Ah, The New York Times. You just can’t seem to stop publishing tone-deaf articles about Shonda Rhimes. Allesandra Stanley’s insulting piece about angry black women has a follow up, in the Dining and Wine section, no less. Yesterday saw the publication of “Red Wine Is the Drink of Choice on ‘Scandal’ and ‘The Good Wife’” by Eric Asimov, the Times’ wine critic. In it, Asimov makes the astoundingly tautological statement that “As much as a small group of wine lovers would like to believe wine has gone mainstream, in fact its portrayal on television as a character prop suggests that many Americans still view it as somehow effete, foreign or, at least, no different than any other alcoholic beverage.” Wouldn’t its similarity to every other beverage suggest that wine has, in fact, gone mainstream? How something can be both foreign and no different than any other alcoholic beverage eludes me, and yet this is not even the worst of his argument.

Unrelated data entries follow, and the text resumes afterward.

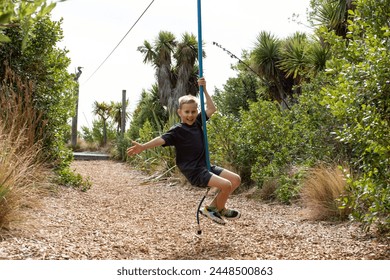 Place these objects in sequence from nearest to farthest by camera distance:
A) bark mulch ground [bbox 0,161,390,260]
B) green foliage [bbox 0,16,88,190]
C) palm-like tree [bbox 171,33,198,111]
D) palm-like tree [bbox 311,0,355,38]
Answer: bark mulch ground [bbox 0,161,390,260], green foliage [bbox 0,16,88,190], palm-like tree [bbox 311,0,355,38], palm-like tree [bbox 171,33,198,111]

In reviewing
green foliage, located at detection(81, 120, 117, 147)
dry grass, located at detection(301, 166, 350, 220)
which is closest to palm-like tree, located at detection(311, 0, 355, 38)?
dry grass, located at detection(301, 166, 350, 220)

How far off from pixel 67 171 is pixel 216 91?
1389cm

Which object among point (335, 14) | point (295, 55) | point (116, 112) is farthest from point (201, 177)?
point (116, 112)

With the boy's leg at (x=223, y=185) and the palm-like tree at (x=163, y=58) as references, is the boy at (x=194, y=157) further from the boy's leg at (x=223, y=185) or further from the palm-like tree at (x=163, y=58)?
the palm-like tree at (x=163, y=58)

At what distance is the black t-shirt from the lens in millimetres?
4461

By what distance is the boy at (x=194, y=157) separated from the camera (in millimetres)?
4355

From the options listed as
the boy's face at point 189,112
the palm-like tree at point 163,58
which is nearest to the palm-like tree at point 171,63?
the palm-like tree at point 163,58

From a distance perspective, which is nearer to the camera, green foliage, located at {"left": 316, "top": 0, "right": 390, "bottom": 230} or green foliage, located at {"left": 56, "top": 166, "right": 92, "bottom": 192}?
green foliage, located at {"left": 316, "top": 0, "right": 390, "bottom": 230}

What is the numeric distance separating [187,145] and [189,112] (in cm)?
31

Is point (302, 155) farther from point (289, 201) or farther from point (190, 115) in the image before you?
point (190, 115)

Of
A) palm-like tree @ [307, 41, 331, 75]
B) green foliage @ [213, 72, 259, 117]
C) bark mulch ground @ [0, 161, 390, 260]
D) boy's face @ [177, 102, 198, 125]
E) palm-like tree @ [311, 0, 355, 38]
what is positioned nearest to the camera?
bark mulch ground @ [0, 161, 390, 260]

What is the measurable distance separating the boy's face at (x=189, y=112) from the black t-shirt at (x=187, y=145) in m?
0.08

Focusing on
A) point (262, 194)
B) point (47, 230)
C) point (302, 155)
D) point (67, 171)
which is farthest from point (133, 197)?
point (47, 230)

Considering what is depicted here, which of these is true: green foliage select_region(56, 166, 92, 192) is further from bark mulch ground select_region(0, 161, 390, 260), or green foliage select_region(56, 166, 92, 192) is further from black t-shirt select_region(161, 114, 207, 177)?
black t-shirt select_region(161, 114, 207, 177) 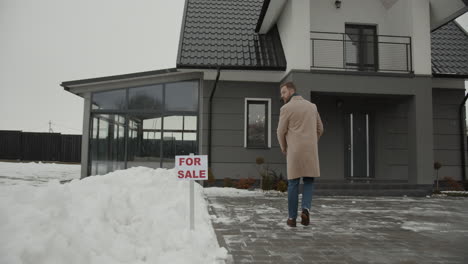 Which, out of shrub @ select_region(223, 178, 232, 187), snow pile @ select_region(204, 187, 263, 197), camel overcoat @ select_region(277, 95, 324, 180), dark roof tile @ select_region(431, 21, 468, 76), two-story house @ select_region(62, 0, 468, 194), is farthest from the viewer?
dark roof tile @ select_region(431, 21, 468, 76)

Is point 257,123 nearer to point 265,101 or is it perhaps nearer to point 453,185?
point 265,101

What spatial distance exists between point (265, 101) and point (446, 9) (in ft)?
17.8

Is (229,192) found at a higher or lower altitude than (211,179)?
lower

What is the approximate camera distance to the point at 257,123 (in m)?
9.43

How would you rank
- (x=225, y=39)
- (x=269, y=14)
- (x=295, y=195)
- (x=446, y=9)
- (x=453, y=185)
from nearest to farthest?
(x=295, y=195) < (x=446, y=9) < (x=269, y=14) < (x=453, y=185) < (x=225, y=39)

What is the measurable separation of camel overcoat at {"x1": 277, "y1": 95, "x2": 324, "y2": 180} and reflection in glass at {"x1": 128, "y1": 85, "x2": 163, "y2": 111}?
6116mm

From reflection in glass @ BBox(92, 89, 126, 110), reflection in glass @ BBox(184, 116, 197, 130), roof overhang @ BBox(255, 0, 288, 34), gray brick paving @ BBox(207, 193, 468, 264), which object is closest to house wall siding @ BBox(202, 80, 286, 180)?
reflection in glass @ BBox(184, 116, 197, 130)

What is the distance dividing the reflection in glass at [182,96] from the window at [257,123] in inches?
63.5

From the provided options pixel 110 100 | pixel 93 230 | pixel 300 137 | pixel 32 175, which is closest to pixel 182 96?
pixel 110 100

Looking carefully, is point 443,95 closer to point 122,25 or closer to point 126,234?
point 126,234

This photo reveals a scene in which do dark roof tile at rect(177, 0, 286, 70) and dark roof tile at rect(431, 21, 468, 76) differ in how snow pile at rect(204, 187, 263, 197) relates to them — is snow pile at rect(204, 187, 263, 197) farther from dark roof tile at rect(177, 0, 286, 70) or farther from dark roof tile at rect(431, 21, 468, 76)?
dark roof tile at rect(431, 21, 468, 76)

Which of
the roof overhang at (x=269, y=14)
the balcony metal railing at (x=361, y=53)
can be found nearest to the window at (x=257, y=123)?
the balcony metal railing at (x=361, y=53)

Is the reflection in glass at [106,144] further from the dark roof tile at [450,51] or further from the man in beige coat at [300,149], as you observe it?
the dark roof tile at [450,51]

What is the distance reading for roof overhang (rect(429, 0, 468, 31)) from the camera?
7936 mm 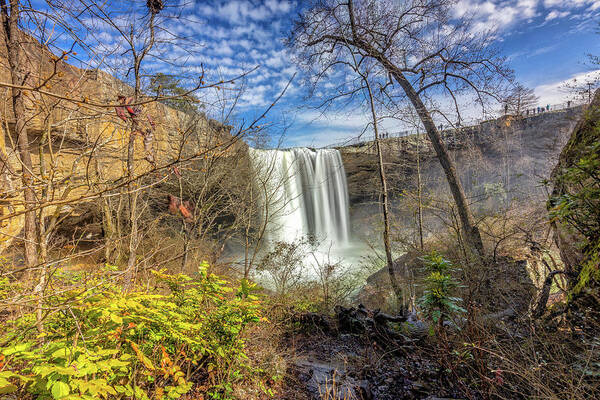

He criticizes Olivia Pope’s failure to embody the signifiers of connoisseurship, despite the fact that the show clearly posits her as one. “But if she is an expert,” Asimov twirls his figurative mustache, “Olivia treats even the finest wine as if it were a can of beer. She habitually grabs goblets by the bulb rather than the stem, as a wine lover would. She never swirls and sniffs, the ritual that non-wine drinkers alternately find amusing, affected or annoying. She guzzles rather than sips.”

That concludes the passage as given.